New home sales rose in May despite higher mortgage rates

New home sales jumped unexpectedly in May, according to data released Friday by the Census Bureau, defying a spike in mortgage rates and falling consumer sentiment to recover from an April downturn.

Sales of new homes rose 10.7 percent in May to a seasonally adjusted annualized rate of 696,000 — the total number of homes that would have been sold over a 12-month period at the pace set last month. Economists expected sales to decline in May after dropping 16 percent in April.

While sales plunged 51.1 percent in the Northeast and fell 18.3 percent in the Midwest last month, sales rose 12.8 percent in the South and soared 39.3 percent in the West.

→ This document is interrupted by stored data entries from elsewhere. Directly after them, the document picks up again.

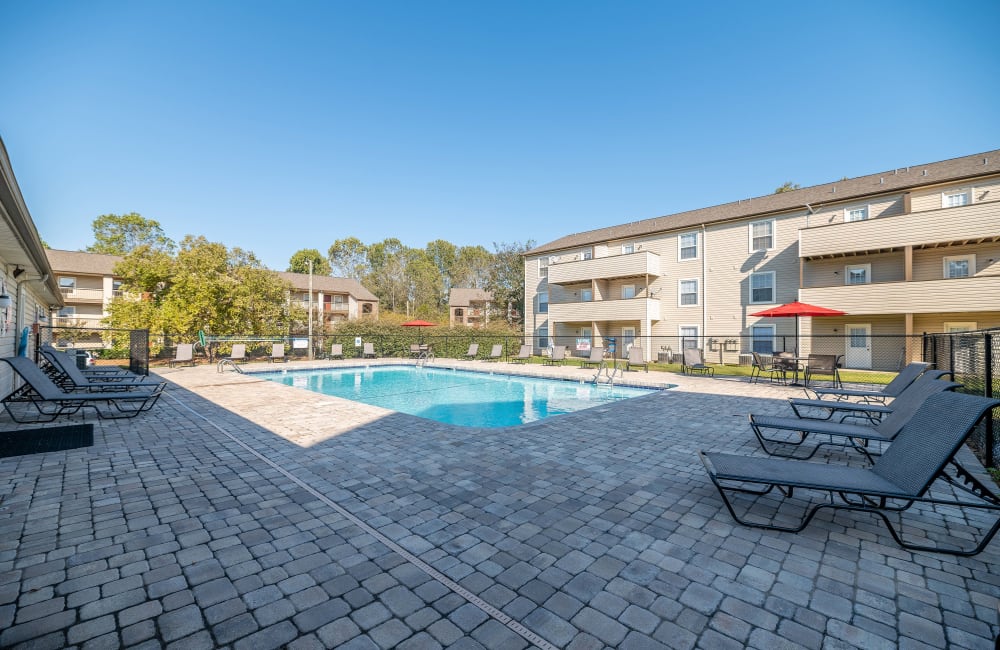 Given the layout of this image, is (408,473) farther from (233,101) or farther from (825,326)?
(825,326)

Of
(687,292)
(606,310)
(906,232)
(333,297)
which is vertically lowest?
(606,310)

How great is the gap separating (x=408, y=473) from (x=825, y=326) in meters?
20.1

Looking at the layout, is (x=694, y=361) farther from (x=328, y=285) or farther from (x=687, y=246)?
(x=328, y=285)

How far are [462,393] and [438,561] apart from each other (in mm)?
10507

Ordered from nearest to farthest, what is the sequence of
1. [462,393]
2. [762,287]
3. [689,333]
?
[462,393]
[762,287]
[689,333]

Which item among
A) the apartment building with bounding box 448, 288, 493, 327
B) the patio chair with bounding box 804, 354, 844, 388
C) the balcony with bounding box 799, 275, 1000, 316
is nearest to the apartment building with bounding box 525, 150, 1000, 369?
the balcony with bounding box 799, 275, 1000, 316

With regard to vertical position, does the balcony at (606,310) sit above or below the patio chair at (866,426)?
above

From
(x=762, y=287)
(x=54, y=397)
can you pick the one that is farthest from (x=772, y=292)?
(x=54, y=397)

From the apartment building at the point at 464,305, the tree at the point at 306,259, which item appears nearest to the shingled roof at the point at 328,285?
the apartment building at the point at 464,305

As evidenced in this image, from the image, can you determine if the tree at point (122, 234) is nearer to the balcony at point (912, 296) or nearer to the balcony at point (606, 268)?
the balcony at point (606, 268)

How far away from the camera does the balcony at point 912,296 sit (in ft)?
46.3

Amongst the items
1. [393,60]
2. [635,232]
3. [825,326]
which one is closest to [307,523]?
[393,60]

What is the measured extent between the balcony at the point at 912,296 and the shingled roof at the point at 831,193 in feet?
13.2

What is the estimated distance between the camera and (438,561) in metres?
2.67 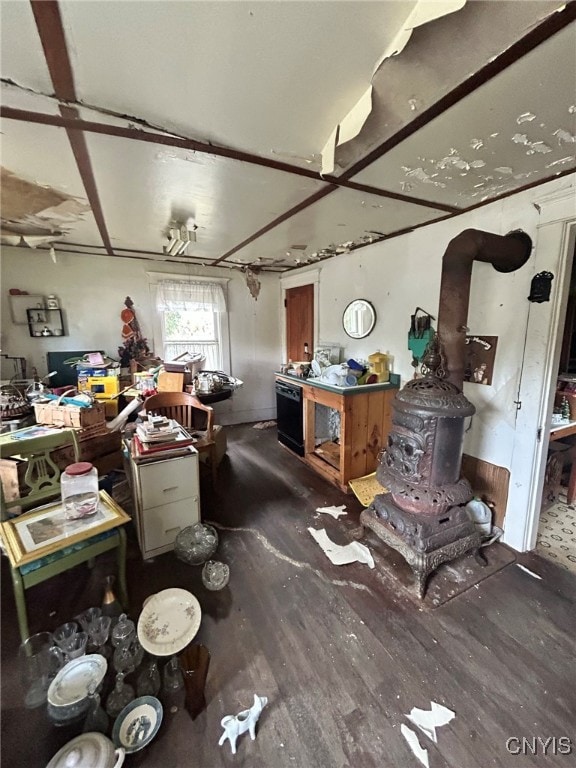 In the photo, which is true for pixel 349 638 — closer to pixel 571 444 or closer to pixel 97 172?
pixel 571 444

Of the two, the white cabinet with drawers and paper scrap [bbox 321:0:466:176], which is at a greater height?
paper scrap [bbox 321:0:466:176]

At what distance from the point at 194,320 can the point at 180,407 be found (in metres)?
1.65

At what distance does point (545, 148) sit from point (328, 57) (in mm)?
1135

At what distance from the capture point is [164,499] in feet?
6.19

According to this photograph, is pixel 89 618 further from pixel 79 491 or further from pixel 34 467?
pixel 34 467

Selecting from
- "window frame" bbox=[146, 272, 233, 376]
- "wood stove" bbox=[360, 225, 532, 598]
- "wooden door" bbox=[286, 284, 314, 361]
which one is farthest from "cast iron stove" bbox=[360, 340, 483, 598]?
"window frame" bbox=[146, 272, 233, 376]

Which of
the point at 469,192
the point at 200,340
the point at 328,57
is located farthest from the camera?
the point at 200,340

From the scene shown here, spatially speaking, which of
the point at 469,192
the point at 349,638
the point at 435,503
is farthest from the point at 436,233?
the point at 349,638

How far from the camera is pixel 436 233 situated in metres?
2.37

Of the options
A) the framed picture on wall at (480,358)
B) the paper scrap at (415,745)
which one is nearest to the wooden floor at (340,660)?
the paper scrap at (415,745)

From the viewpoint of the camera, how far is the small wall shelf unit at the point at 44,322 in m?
3.11

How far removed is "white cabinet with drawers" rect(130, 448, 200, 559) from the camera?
1819 millimetres

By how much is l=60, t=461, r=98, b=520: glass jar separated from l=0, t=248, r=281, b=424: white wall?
236 cm

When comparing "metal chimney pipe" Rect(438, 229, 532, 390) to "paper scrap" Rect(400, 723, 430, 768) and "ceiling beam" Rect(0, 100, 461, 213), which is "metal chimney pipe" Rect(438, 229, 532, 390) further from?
"paper scrap" Rect(400, 723, 430, 768)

“Sales of new homes were strongest in the West and the South (the largest housing market). These are the regions that have already experienced the fastest home price growth as those who could work from home fled expensive cities for more reasonably priced, second-tier markets,” wrote Yelena Maleyev, an economist at Grant Thornton, in a Friday analysis.

Sale prices also fell slightly after significant increases in April. The median sale price of a new home dropped to $449,000 last month from $454,700 in April, and the average sale price of a new home dropped to $511,400 from $569,500.

Economists expected new home sales to drop for the second consecutive month under the weight of rising interest rates. The Fed’s series of rate hikes has pushed the interest rate on a 30-year mortgage to an average of 5.2 percent in May, according to Freddie Mac, boosting pressure on potential buyers already coping with prices near record highs.

Though new home sales rose, Maleyev said existing home sales fell 8.6 percent for the fourth consecutive month.

“The housing market is cooling. Rising mortgage rates and high prices in many regions will keep first-time buyers on the sidelines, while the pool of investors and all-cash buyers dries up. Sales of existing homes are expected to slip further as higher rates work their way through the economy,” she wrote.